We help business owners buy and sell companies. It can be fun; it can be stressful. It always makes for a busy year end. Often, we first get asked about the deal once the buyer and seller have already found each other. Sometimes many of the terms are set. Great! Other times, a business owner comes to us and says, “I want to sell my business.” But they don’t know many details, like, to whom, for how much, or really, what is being sold. They do know they want it sold now though because they are tired. That is a recipe for a low price. And a low price is the difference between celebrating with a paper umbrella in your mai tai at home, rather than walking on a tropical beach.

So in order to get the walk on the beach, what should happen? Planning should happen. First, get your business house in order. Know your numbers. Yes, we keep saying it. Yes, I know I’m a lawyer not an accountant. No, I don’t like doing financials either. But we gotta do it. Know where your money is coming from and where it is going. If you don’t know, then any prospective buyer isn’t going to know. And what they don’t know, they don’t pay for. In fact, they often discount it. Know whether or not you follow Generally Accepted Accounting Principles (GAAP). If you don’t know what that means, when buyers ask you to guarantee that you do follow it, you’re going to have to learn. And then you may learn that you are not following those standards, and that may be a problem. Maybe it isn’t an issue, but wouldn’t you rather find out now? Yes. Yes, you would.

Know who is likely to buy and what they are looking for. Then make sure your business has it, and that it’s easy to see that you have it. Are you a consumer product good where branding is important? If so, are your trademarks protected? Are you a Software as a Service where subscriptions are king? Do you know what your subscription renewal rates are? Are your contracts assignable? Are the most important things in your business something that can be sold by you? If your entire business hinges on something, make sure you know what that thing is and find out how you can make sure that thing can be sold.
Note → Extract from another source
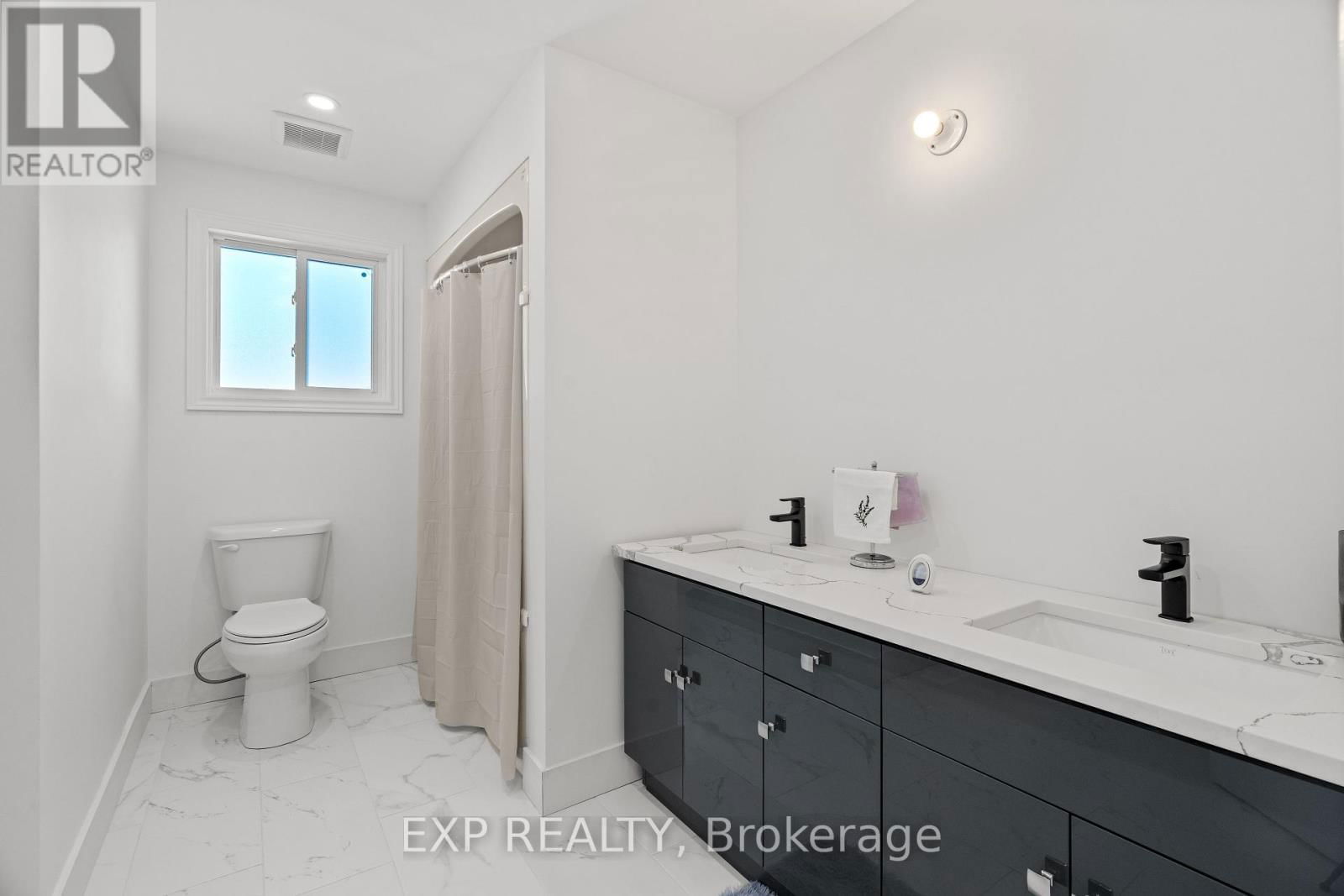 250 WILLIAM E STREET Image 14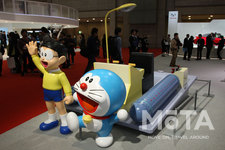 「TOYOTOWN」(トヨタウン)のドラえもん・のび太と秘密道具のタイムマシン[2013年の東京モーターショー トヨタブースにて]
Finally, know who and what is selling. Will this be an ownership sale? All of the owners or just some? Will it be the assets? All of the assets or just some? Who has to approve that? Are they on board? Are they alive? Are they reachable? When I ask are you an LLC or a corporation, have an answer. When I ask are you a member managed or a manager managed LLC, have an answer. Preferably, an answer that isn’t “I don’t know.”

As you can see, all of these things could (and should) start long before the sale is on the horizon. Buyers like to see what they are buying, and a void of information is not helpful. Start building that treasure trove of information before the beach is beckoning, so you can have the paper umbrella in the mai tai on that beach walk rather than at your neighborhood bar!